#### [Exercise instructions]
Within the entries below, please return exactly the lines from the one with "Ami Pet met logoborduring" through the one with "Main picture of Colony Oaks Mobile Home Park", leaving out any pictures.

#### [Given data]
•••••

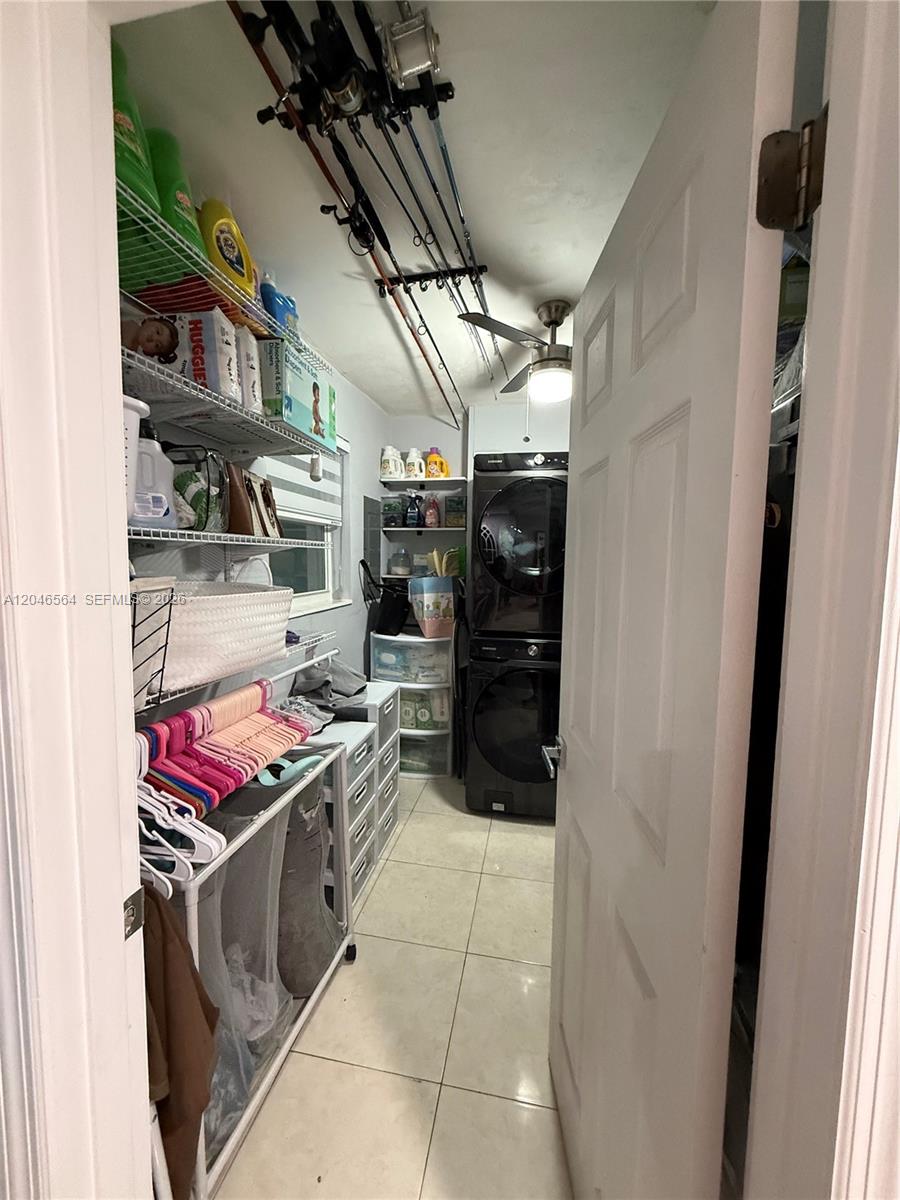 7151 West 3rd Court Hialeah, FL 33014 - Photo 8 of 28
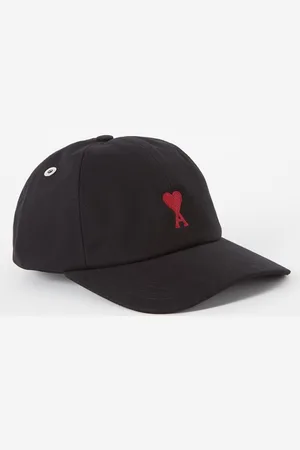 Ami Pet met logoborduring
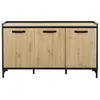 Consoles et buffets : Buffet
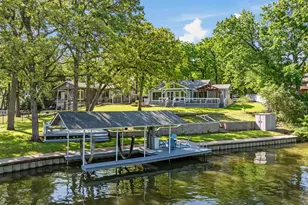 5269 Alta Vista, Malakoff, TX 75148 - Photo 34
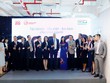 Kienlongbank bắt tay hợp tác với AIA Việt Nam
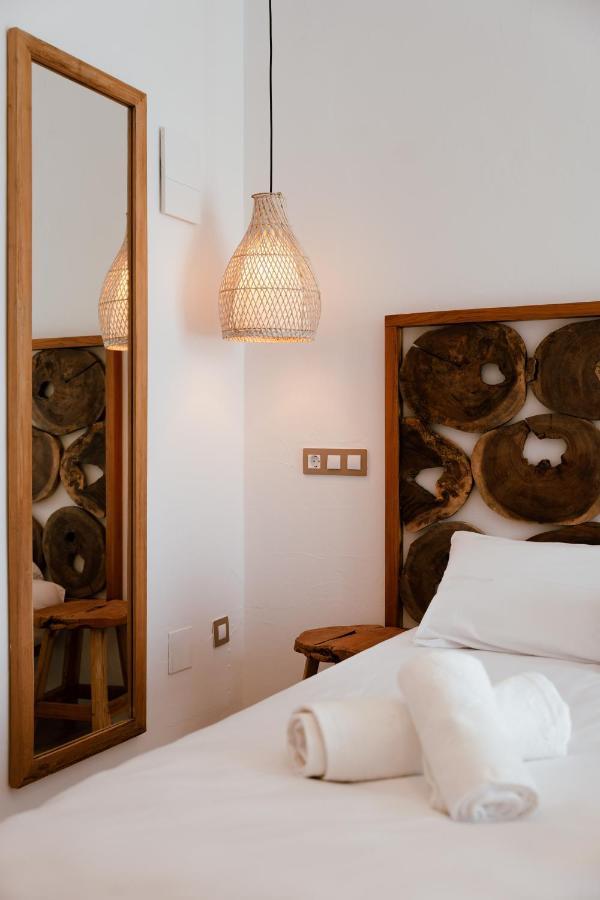 Fun Vistamar Hotel 3*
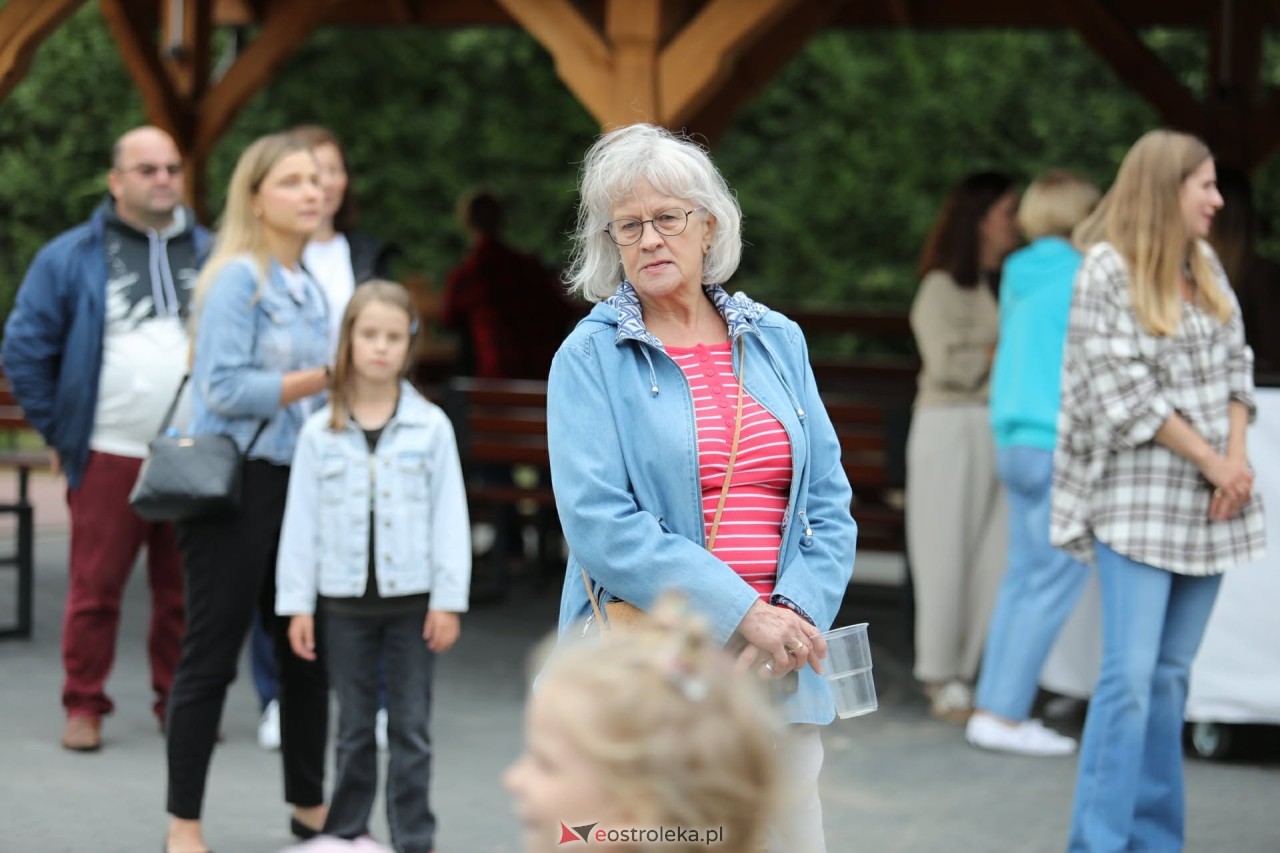 Powitanie lata w Łęgu Przedmiejskim [03.07.2026] - zdjęcie #9 - eOstroleka.pl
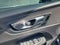 2022 Volvo XC60 B5 FWD Momentum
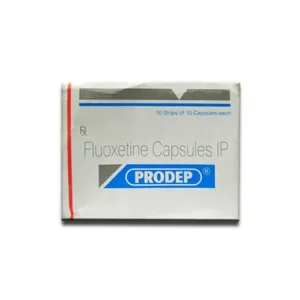 Prodep 40mg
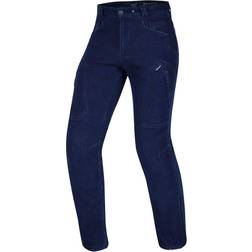 Trilobite Trilobite Tactical Motorcycle Jeans, blue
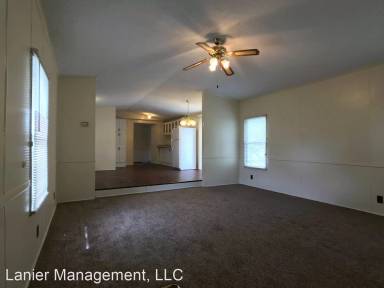 Main picture of Colony Oaks Mobile Home Park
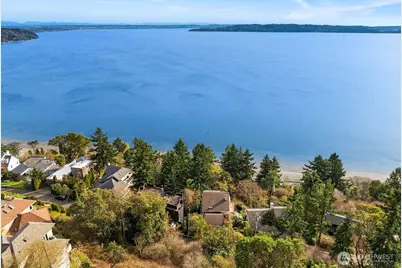 2861 SW 171st Street, Burien, WA 98166 - Photo 34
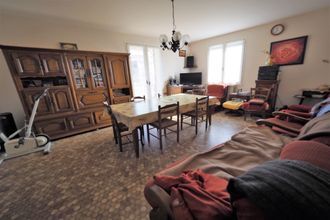 achat maison marmande 47200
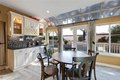 Additional image 24 of 9598 Naples Dr, Cypress, CA, 90630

•••••

#### [Solution]
 Ami Pet met logoborduring
 Consoles et buffets : Buffet
 5269 Alta Vista, Malakoff, TX 75148 - Photo 34
 Kienlongbank bắt tay hợp tác với AIA Việt Nam
 Fun Vistamar Hotel 3*
 Powitanie lata w Łęgu Przedmiejskim [03.07.2026] - zdjęcie #9 - eOstroleka.pl
 2022 Volvo XC60 B5 FWD Momentum
 Prodep 40mg
 Trilobite Trilobite Tactical Motorcycle Jeans, blue
 Main picture of Colony Oaks Mobile Home Park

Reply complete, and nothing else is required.